**SOURCE DATA:**
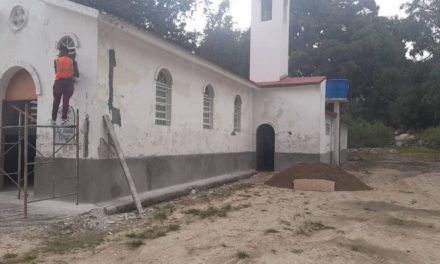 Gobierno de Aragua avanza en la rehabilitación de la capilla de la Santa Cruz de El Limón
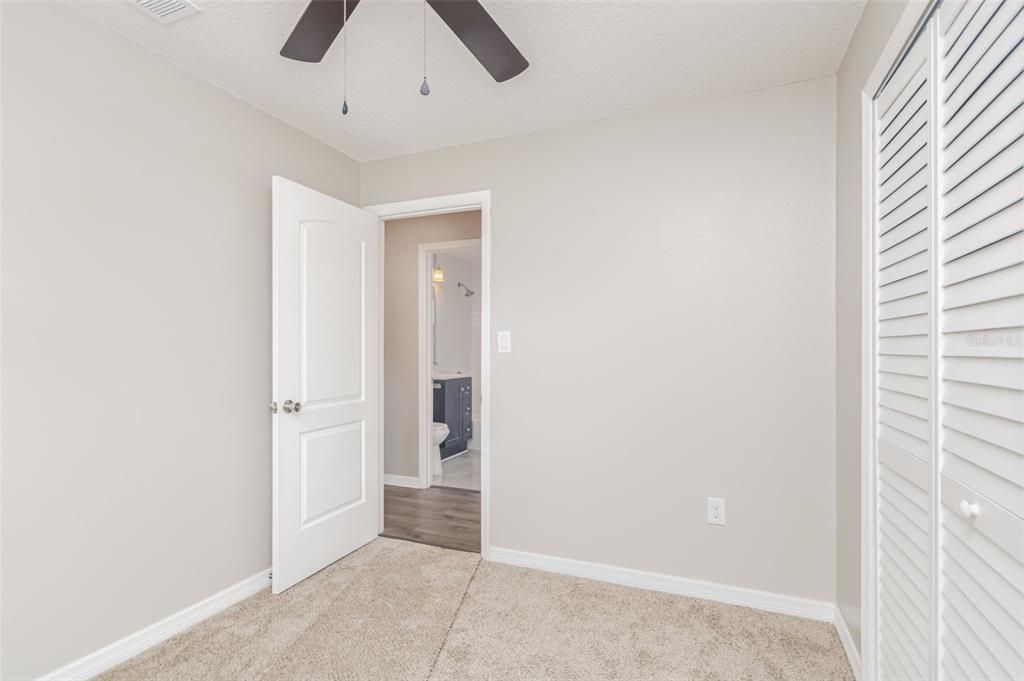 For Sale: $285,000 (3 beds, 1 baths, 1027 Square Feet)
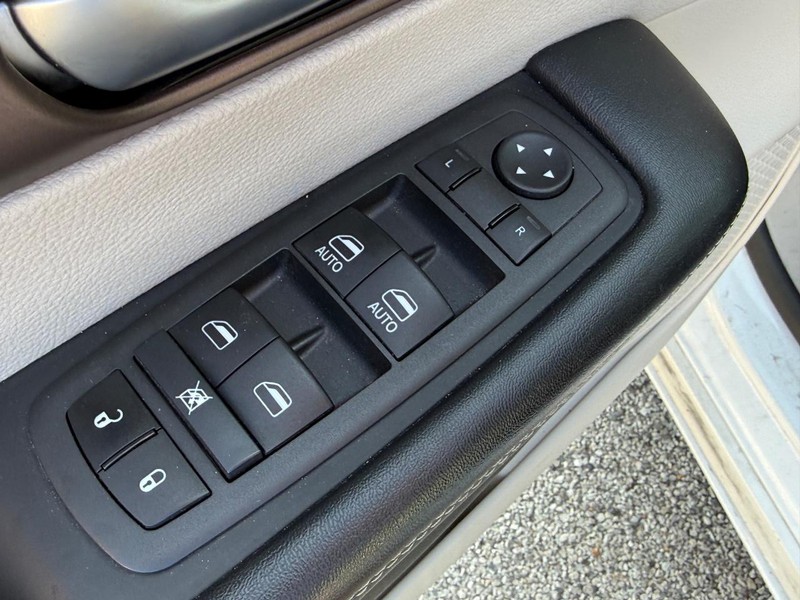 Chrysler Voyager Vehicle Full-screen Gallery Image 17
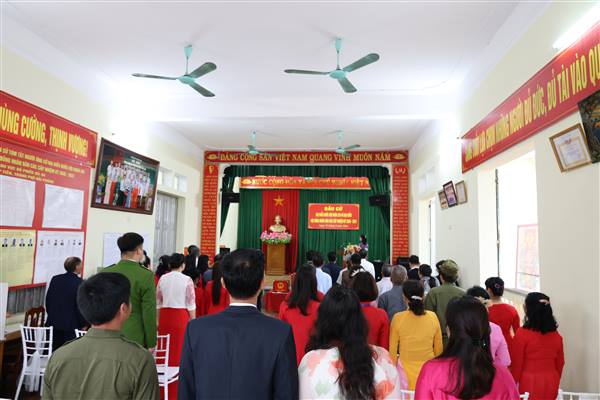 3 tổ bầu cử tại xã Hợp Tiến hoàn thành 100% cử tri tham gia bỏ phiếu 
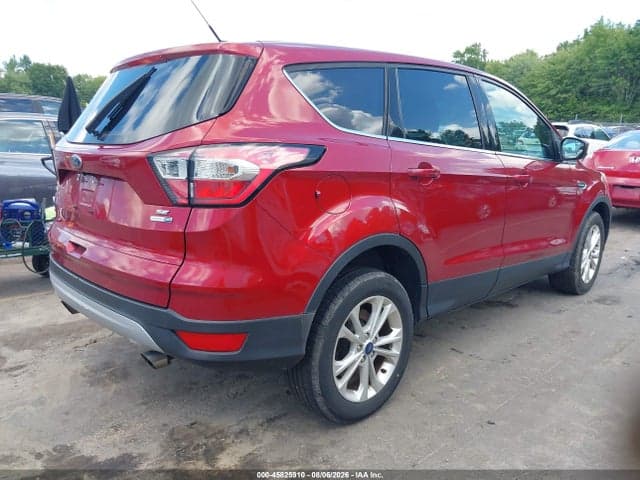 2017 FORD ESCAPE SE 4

* * *

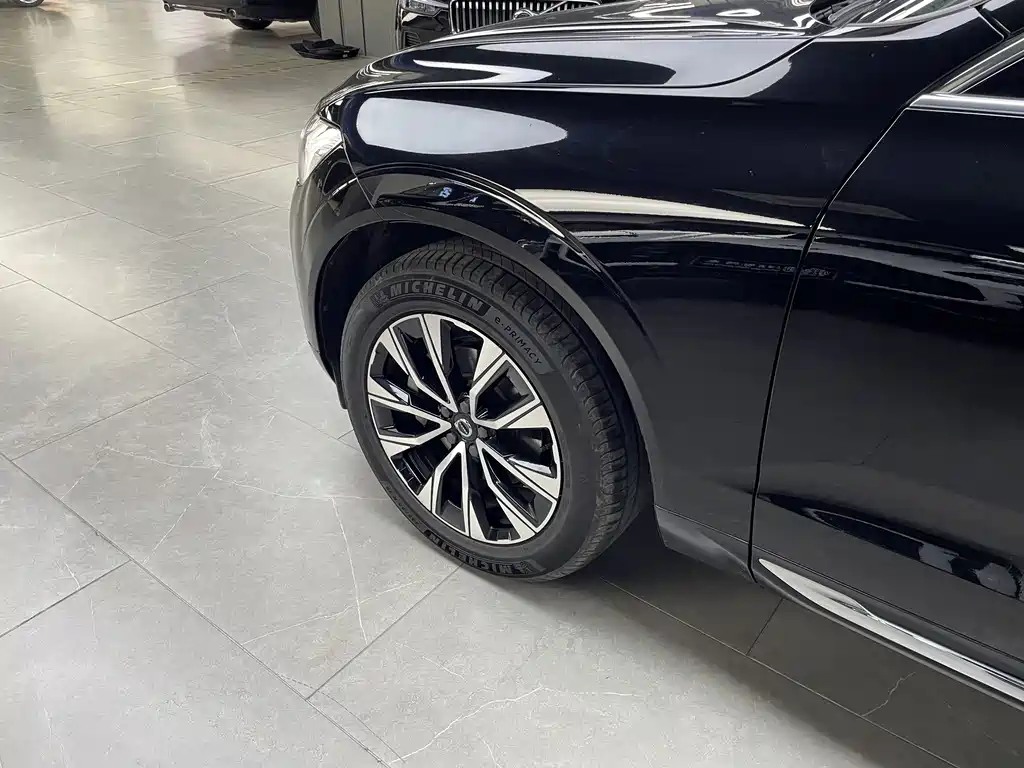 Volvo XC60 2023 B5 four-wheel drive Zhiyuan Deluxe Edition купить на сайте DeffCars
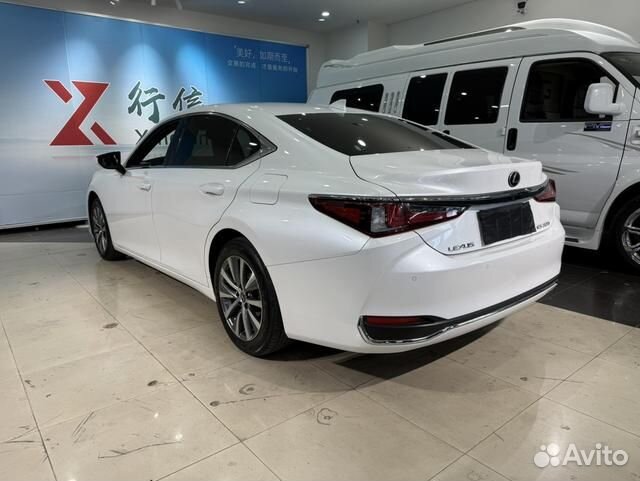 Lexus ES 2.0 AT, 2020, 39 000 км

**TASK DESCRIPTION:**
In the listing above, the required lines run from the line with "Chrysler Voyager Vehicle" through the line with "2017 FORD ESCAPE SE 4". Output exactly those lines, omitting pictures.

**PROBLEM SOLUTION:**
 Chrysler Voyager Vehicle Full-screen Gallery Image 17
 3 tổ bầu cử tại xã Hợp Tiến hoàn thành 100% cử tri tham gia bỏ phiếu 
 2017 FORD ESCAPE SE 4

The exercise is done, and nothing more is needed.